The strength of this study lies in its comprehensive approach, utilising advanced statistical methods such as Bayesian spatially explicit models and spatio scan statistics to analyze an 11-year dataset, providing a detailed understanding of the spatio-temporal dynamics of malaria transmission across different demographic groups.

However, the study’s focus on spatio-temporal dynamics does not address the underlying causal pathways. For instance, it has been suggested that climate change might have a broad impact on vector ecology and malaria transmission. In addition, the behavioral aspects of the human population and mosquito vectors, such as changes in human movement patterns or mosquito biting behavior, were not extensively explored. Future research should focus on the long-term sustainability and effectiveness of control measures in the face of changing environmental and demographic conditions and delve deeper into socioeconomic factors influencing malaria prevalence and control effectiveness.

Conclusions

The current study’s spatio-temporal analysis of malaria in Rwanda from 2012 to 2022 provides new insights into the evolving patterns of malaria transmission, underlining not only the surge in malaria cases from 2014 to 2018, but also the potential underlying factors contributing to these trends.
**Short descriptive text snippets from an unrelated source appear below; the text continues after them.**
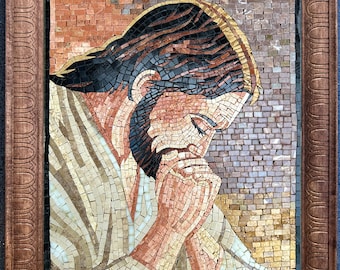 WITH FRAME Mosaic of Jesus Praying - Handmade Sacred Christian Wall Art, Religious Icon, Ready to Hang, Natural Stone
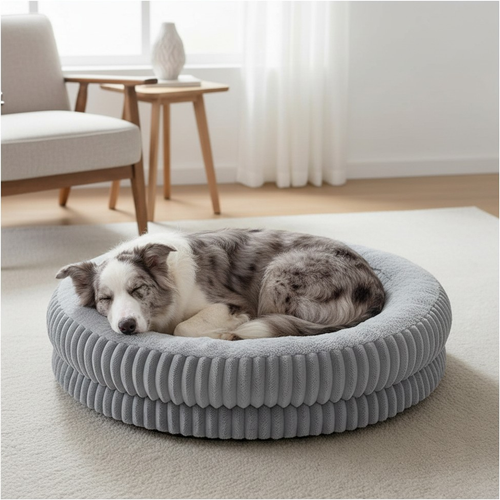 Nuzzlenest Deep Sleep Round Dog Bed - Plush Calming Comfort - Grey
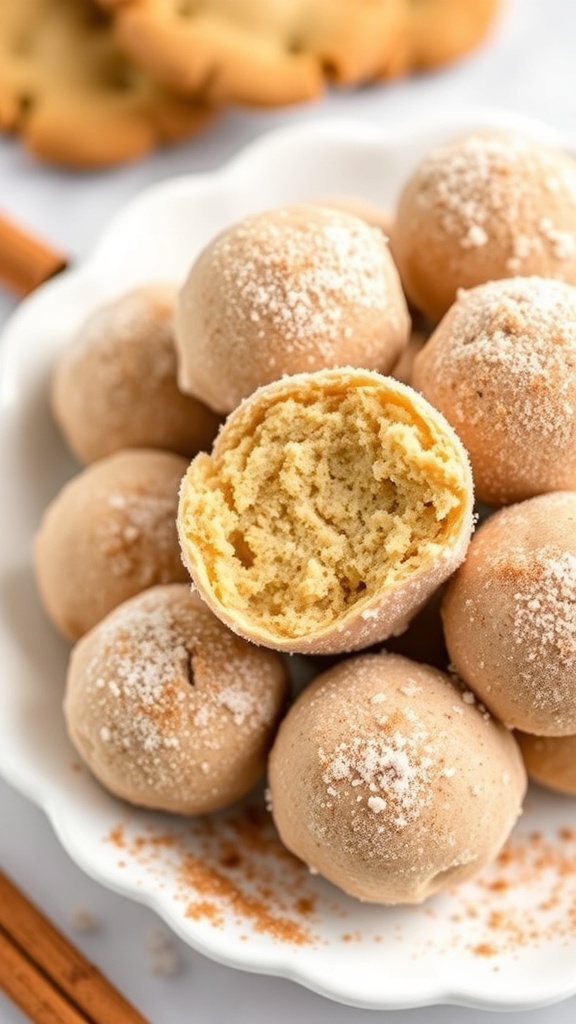 A plate of no-bake snickerdoodle cookie truffles dusted with cinnamon sugar, with one truffle cut in half showing the creamy filling.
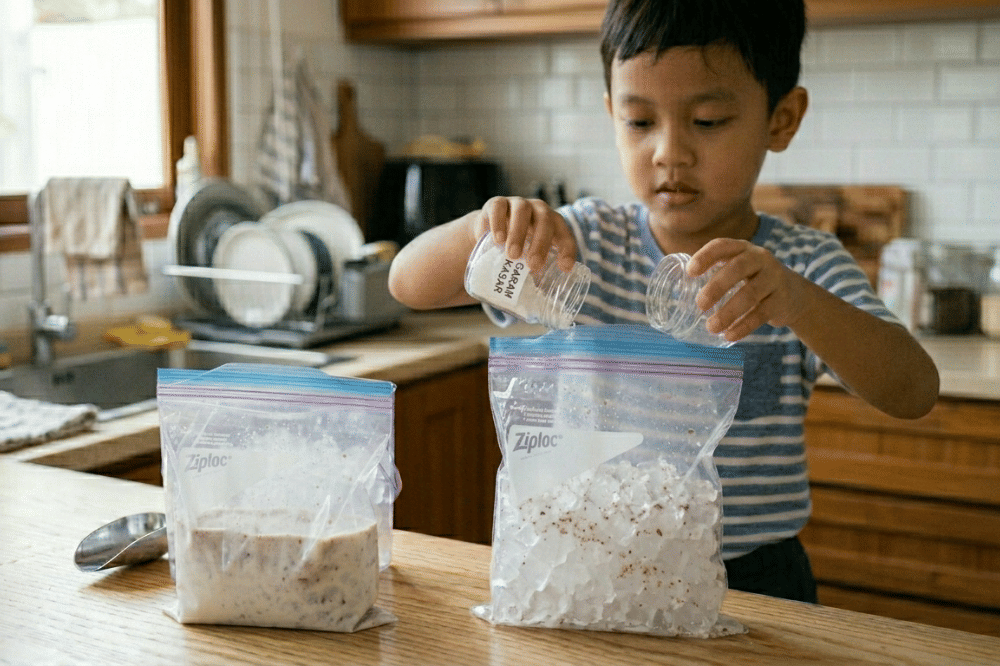 Seorang anak memasukkan garam ke dalam es batu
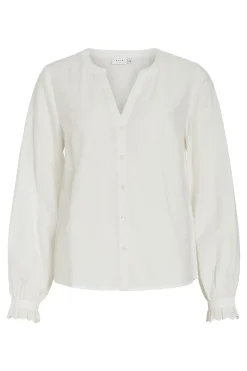 Vila Blusa con encaja inglés de viscosa^Mujer Camisas Y Blusas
Our findings reveal significant demographic vulnerabilities, particularly among females above 5 years of age and under 5-year-old children, stressing the need for targeted interventions in these groups. The observed increase in malaria cases during this 11-year period can be attributed to a combination of climatic variations, ineffective use of LLINs, resistance of Anopheles gambiae mosquitoes to pyrethroids, and changes in mosquito behavior favoring outdoor biting. Importantly, the study has identified distinct malaria ecozones in Rwanda, suggesting that a one-size-fits-all approach to malaria control is not be feasible. Instead, district-specific strategies considering local ecological, biological, and socio-economic conditions are essential. The decline in malaria cases post-2018, most likely attributed to government-led initiatives such as training CHWs, underscores the potential of localised strategies. Furthermore, the new challenge of artemisinin resistance calls for a robust surveillance system to monitor drug efficacy and vector resistance patterns continually. The persistent high transmission rates in some districts call for a refined focus within the national malaria control program, to address these micro-epidemiological variances effectively.